Seu mais recente livro, "Nosso Jogo", prende tanto o leitor que aprecia o gênero quanto os livros em que apareciam figuras como a de Smiley e de espiões da Cortina de Ferro.
E, acima de tudo, para lá do Muro derrubado, seus espiões ingleses criaram agora vida nova e nova vocação, virando místicos. Eles eram contra o comunismo stalinista. Agora são contra o "capitalismo" de Ieltsin, cujo ideal é o capitalismo fundamental, americano, ou o duro thatcherismo inglês.
La Carré deseja criar, com seus espiões, um mundo novo, ainda muito violento, porém mais virtuoso que o nosso. E assim consegue seus novos enredos. E vende seus livros novos. Deus o acompanhe.
Como se sabe, Le Carré tentou, quando já famoso como autor de thrillers, entrar para a "literatura" propriamente dita com "O Amante Ingênuo e Sentimental", que eu nunca li e todo o mundo achou chatíssimo. Em "Nosso Jogo" o autor cria uma mulher impossivelmente romântica e chamada Emma (este nome tem aparecido demais, desde a deliciosa Emma Thompson), que é talvez o único fracasso ingênuo e sentimental do novo romance. Os dois heróis, porém, o mais velho, chamado Tim Cranmer, e o mais jovem, o "santo", chamado Larry Pettifer, são ótimos. Talvez porque se baseiem em tantos espiões ingleses que, durante a Guerra Fria, nos deixaram várias vezes atônitos, como Kim Philby, Burgess e Maclean, ou Anthony Blount, traidor que era conselheiro de arte da rainha da Inglaterra.
O próprio Graham Greene os admirava e parece que foi meio agente secreto ele próprio. Espião inglês era diferente. Gente fina é outra coisa. No fundo, no fundo, acreditavam na construção de um mundo justo, no qual a maioria dos homens teria a oportunidade de se realizar e de jogar tênis também. Achavam, eu diria, que as idéias justiceiras de Marx que os russos tentavam implantar eram válidas. Só que os russos eram muito mal-educados. Os ingleses não queriam só justiça social. Queriam frequentar seu clube também, que diabo.
Não me esqueço de um dos romances de Le Carré em que Smiley descobre, numa taverna, um bom vinho na lista e o encomenda. O taberneiro, rude, traz a garrafa sem maior consideração, tira-lhe a rolha e vai logo despejar o vinho nos copos. Smiley implora: "Espere um pouco, por favor. Deixe o vinho respirar".

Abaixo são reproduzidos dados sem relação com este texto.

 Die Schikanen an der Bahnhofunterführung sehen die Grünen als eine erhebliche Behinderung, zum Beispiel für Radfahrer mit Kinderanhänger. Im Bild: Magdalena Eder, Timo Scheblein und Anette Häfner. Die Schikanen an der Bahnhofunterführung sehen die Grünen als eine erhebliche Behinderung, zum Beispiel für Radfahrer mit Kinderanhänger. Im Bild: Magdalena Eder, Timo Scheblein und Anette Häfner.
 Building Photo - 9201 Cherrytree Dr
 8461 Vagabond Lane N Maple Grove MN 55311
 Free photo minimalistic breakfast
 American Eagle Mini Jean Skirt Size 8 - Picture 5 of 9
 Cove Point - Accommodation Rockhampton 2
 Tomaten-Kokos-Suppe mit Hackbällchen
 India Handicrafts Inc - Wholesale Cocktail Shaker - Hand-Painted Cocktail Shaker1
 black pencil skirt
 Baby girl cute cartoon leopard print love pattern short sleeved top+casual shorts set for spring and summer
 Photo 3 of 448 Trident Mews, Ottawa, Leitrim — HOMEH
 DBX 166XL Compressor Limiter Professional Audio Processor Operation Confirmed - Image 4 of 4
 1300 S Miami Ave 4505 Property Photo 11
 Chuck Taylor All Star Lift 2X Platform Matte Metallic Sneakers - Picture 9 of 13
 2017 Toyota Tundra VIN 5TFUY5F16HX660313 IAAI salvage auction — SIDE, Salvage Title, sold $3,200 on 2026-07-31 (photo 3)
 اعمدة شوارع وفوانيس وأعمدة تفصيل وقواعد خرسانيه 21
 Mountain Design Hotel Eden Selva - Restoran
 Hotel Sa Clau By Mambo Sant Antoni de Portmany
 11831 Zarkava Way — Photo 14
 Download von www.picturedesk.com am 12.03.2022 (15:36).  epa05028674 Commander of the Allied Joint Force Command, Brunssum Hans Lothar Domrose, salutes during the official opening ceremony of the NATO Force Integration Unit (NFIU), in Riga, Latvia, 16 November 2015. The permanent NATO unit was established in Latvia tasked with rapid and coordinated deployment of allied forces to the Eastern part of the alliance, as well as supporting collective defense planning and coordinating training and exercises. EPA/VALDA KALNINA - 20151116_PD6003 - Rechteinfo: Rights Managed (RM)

"Nosso Jogo" é de uma atualidade espantosamente jornalística. O espião inglês Larry, que rouba Emma do velho Tim Cranmer, está em conspiração direta com líderes tchechenos, que, no momento em que escrevo, acabam de ser assassinados. E Larry nunca mais é encontrado. Está contra os russos, a favor desses povos caucasianos que mal conhecemos de nome (tchechenos, inguchétios) e morre pela "causa" deles, como um crente da religião sufi. A única coisa que eu me lembro de ter lido há anos sobre os sufis é que eles sofrem tanto com o sofrimento dos seres vivos em geral, que, para falarem entre si, cobrem a boca com um pano de modo a não matar invisíveis insetos. É bem verdade que os sufis de Le Carré andam armados até os dentes e só pensam em matar o inimigo russo. No entanto, no fundo, Larry, o conquistador de Emma, o elegante espião, virou sufi.
E morreu. Não aparece mais, por muito que Tim o procure. Emma é encontrada, mas decididamente não quer mais nada com Tim. Toca piano e pensa em Larry, que só pensa na justiça. Ah, sim. Tim procura tanto Larry porque -por ciúme de Emma, despeito e fúria- tentou matá-lo. E durante quase todo o livro acha que talvez tenha conseguido.
Não conseguiu. Larry morreu, sem dúvida. Mas como herói, inglês que virou tchecheno, inguchétio, sufi. Le Carré, como sempre faz, escreve demais, carrega nas tintas, agrava as jogadas. Mas fez outro bom romance.
Se o leitor, lá pelas tantas, achar que há certo exagero, certa brutalidade, feche um pouco o livro. Volte depois. Deixe o vinho respirar.